Hacker News new | ask | show | jobs
by mehmetoguzderin 1571 days ago
> The 3090 also can do fp16 and the M1 series only supports fp32

Apple Silicon (including base M1) actually has great FP16 support at the hardware level, including conversions. So it is wrong to say it only supports FP32.

2 comments

I'm not sure if he was talking about the ML engine, the ARM cores, the microcode, the library or the OS. But it does indeed have FP16 in the Arm cores.
FP16 is supported in M1 GPU's and Neural Engines through the CoreML framework. From https://coremltools.readme.io/docs/typed-execution :

> The Core ML runtime dynamically partitions the network graph into sections for the Apple Neural Engine (ANE), GPU, and CPU, and each unit executes its section of the network using its native type to maximize its performance and the model’s overall performance.

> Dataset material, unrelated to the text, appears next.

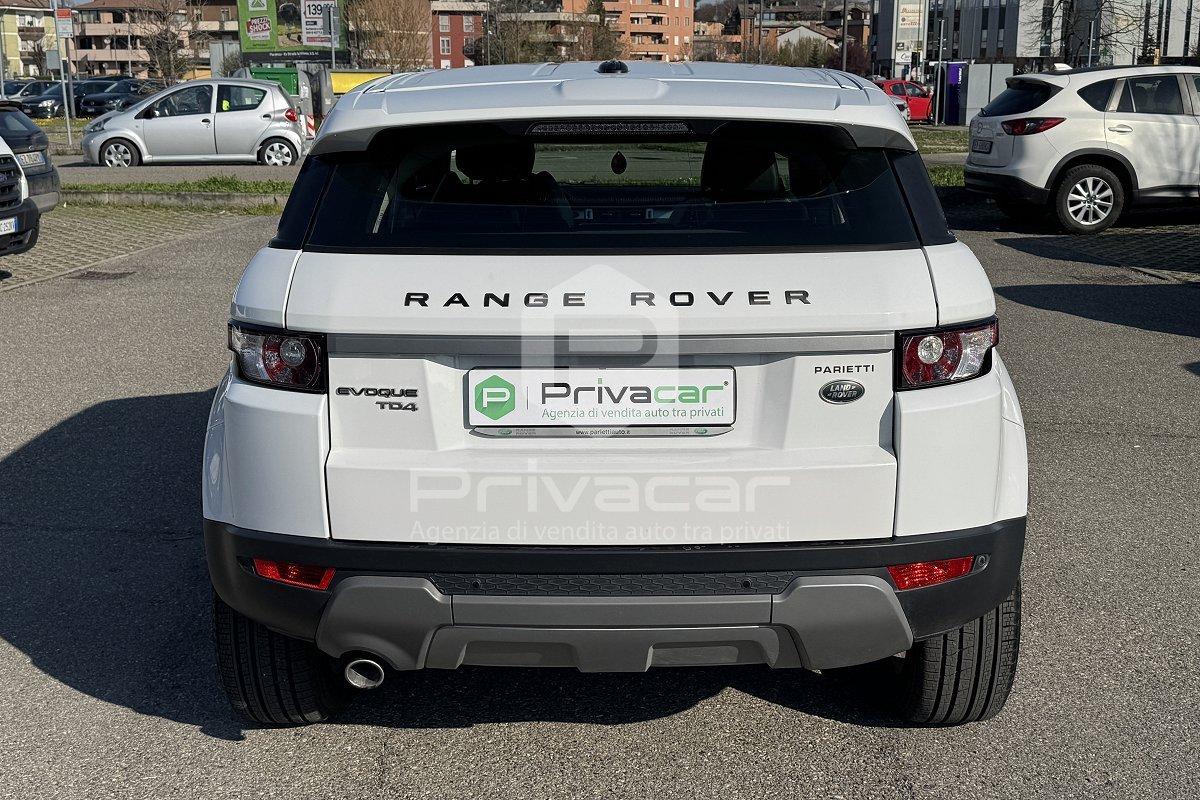 LAND ROVER Range Rover Evoque 2.2 TD4 5p. Pure Tech Pack Launch Edition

The GPU and ANE use float 16 precision, and the CPU uses float 32.

Also, this exploration (https://tlkh.dev/benchmarking-the-apple-m1-max#heading-neura...) reports the 5.1-5.3 TFLOPS FP16 ballpark performance.

I should have been more clear. I didn't mean the hardware, but the speedup you get from using mixed precision in something like Tensorflow with an NVIDIA GPU.
Thanks. At least when I ran the benchmarks with Tensorflow, using mixed precision resulted in the CPU being used for training instead of the GPU on the M1 Pro. So if the hardware is there for fp16 and they will implement the software support for DL frameworks, that will be great.
Yes, unfortunately, the software is to blame for the time being, and I also ran into issues myself. :\ Hope they catch up to what the hardware delivers well, including both the GPU and the Neural Engine.